Complex Numbers

Stan supports complex scalars, matrices, and vectors as well as real-based ones.

Working with complex numbers

This section describes the complex scalar type, including how to build complex numbers, assign them, and use them in arrays and functions.

Constructing and accessing complex numbers

Complex numbers can be constructed using imaginary literals. For example,

complex z = -1.1 + 2.3i;

produces the complex number $- 1.1 + 2.3 i$ . This only works if the real and imaginary components are literal numerals. To construct a complex number out of arbitrary real variables, the to_complex() function may be used. For example, the following code will work if x and y are parameters, transformed data, or local variables in a function or model block.

real x = // ...
real y = // ...
complex z = to_complex(x, y);

The real and imaginary parts of the complex number can be accessed with getters as follows.

real x = get_real(z);  // x = -1.1
real y = get_imag(z);  // y = 2.3

Complex numbers can be compared using equality (or inequality), but not with greater than or less than operators. For example, after running the code above, the following code snippet will print “hello”.

complex a = 3.2 + 2i;
complex b = to_complex(3.2, 2);
if (a == b) print("hello");

Complex assignment and promotion

Integer- or real-valued expressions may be assigned to complex numbers, with the corresponding imaginary component set to zero.

complex z1 = 3;  // int promoted to 3 + 0i
complex z2 = 3.2;  // real promoted to 3.2 + 0.i

Complex arrays

Arrays of complex numbers work as usual and allow the usual curly bracket constructors.

complex z1;  complex z2;  complex z3;
// ...
array[3] complex zs = { z1, z2, z3 };
for (z in zs) {
  print(z);
}

Complex arrays allow assignment into their elements, with integer or real assigned values being promoted to complex.

Complex functions

All of the standard complex functions are available, including natural logarithm log(z), natural exponentiation exp(z), and powers pow(z1, z2), as well as all of the trig and hyperbolic trigonometric functions and their inverse, such as sin(z), acos(z), tanh(z) and asinh(z).

Promotion also works for complex-valued function arguments, which may be passed integer or real values, which will be promoted before the function is evaluated. For example, the following user-defined complex function will accept integer, real, or complex arguments.

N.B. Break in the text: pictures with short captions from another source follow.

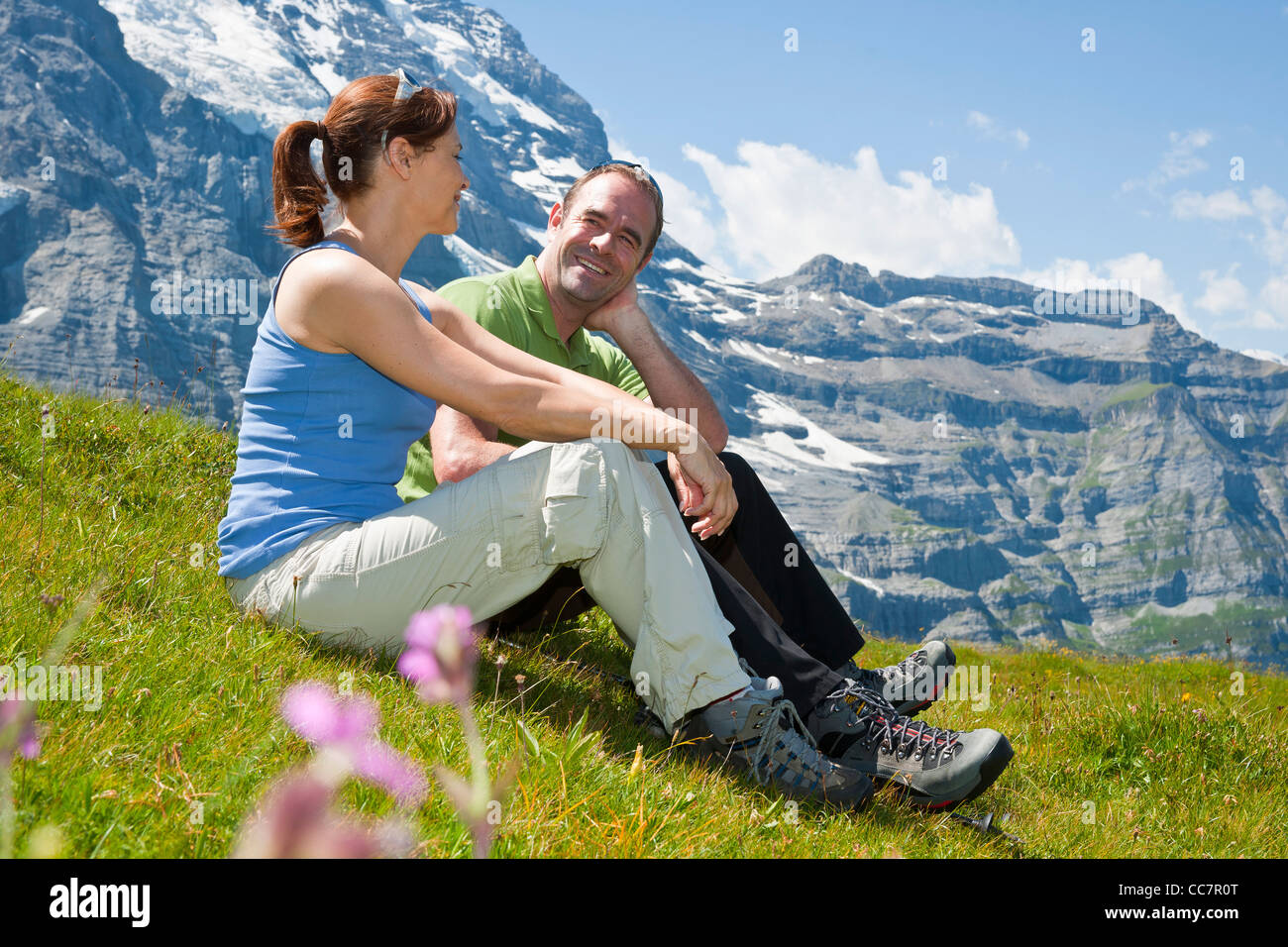 Paar sitzt am Berghang, Berner Oberland, Schweiz Stockfoto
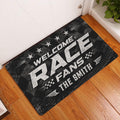 Racing-themed entryway rug displayed on a wood floor with bold white lettering and dark tire-track artwork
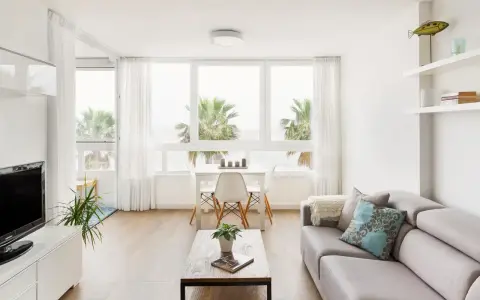 Un luminoso salón estilo nórdico con sofá gris, mesa de centro de madera y grandes ventanales con vistas a palmeras.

complex times_i(complex z) {
  complex i = to_complex(0, 1);
  return i * z;
}

For instance, times_i(1) evaluates to the imaginary base $i$ , as does times_i(1.0).

Complex random variables

The simplest way to model a distribution over a complex random number $z = x + y i$ is to consider its real part $x$ and imaginary part $y$ to have a bivariate normal distribution. For example, a complex prior can be expressed as follows.

complex z;
vector[2] mu;
cholesky_cov[2] L_Sigma;
// ...
[get_real(z), get_imag(z)]' ~ multi_normal_cholesky(mu, L_Sigma);

For example, if z is data, this can be used to estimate mu and the covariance Cholesky factor L_Sigma. Alternatively, if z is a parameter, mu and L_Sigma may constants defining a prior or further parameters defining a hierarchical model.

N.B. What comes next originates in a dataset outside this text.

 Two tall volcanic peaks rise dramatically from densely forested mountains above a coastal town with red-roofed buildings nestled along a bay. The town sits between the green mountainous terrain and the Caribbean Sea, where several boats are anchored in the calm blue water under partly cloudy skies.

Complex matrices and vectors

Stan supports complex matrices, vectors, and row vectors. Variables of these types are declared with sizes in the same way as their real-based counterparts.

complex_vector[3] v;
complex_row_vector[2] rv;
complex_matrix[3, 2] m;

We can construct vectors and matrices using brackets in the same way as for real-valued vectors and matrices. For example, given the declaration of rv above, we could assign it to a constructed row vector.

rv =  [2 + 3i, 1.9 - 2.3i];

Complex matrices and vectors support all of the standard arithetmic operations including negation, addition, subtraction, and multiplication (division involves a solve, and isn’t a simple arithmetic operation for matrices). They also support transposition.

Furthermore, it is possible to convert back and forth between arrays and matrices using the to_array functions.

Complex linear regression

Complex valued linear regression with complex predictors and regression coefficients looks just like standard regression. For example, if we take x to be predictors, y to be an array of outcomes. For example, consider the following complete Stan program for an intercept and slope.

data {
  int<lower=0> N;
  complex_vector[N] x;
  complex_vector[N] y;
}
parameters {
  complex alpha;
  complex beta;
}
model {
  complex_vector[N] eps = y - (alpha + beta * x);
  eps ~  // ...error distribution...
}

The question remains of how to fill in the error distribution and there are several alternatives. We consider only two simple alternatives, and do not consider penalizing the absolute value of the error.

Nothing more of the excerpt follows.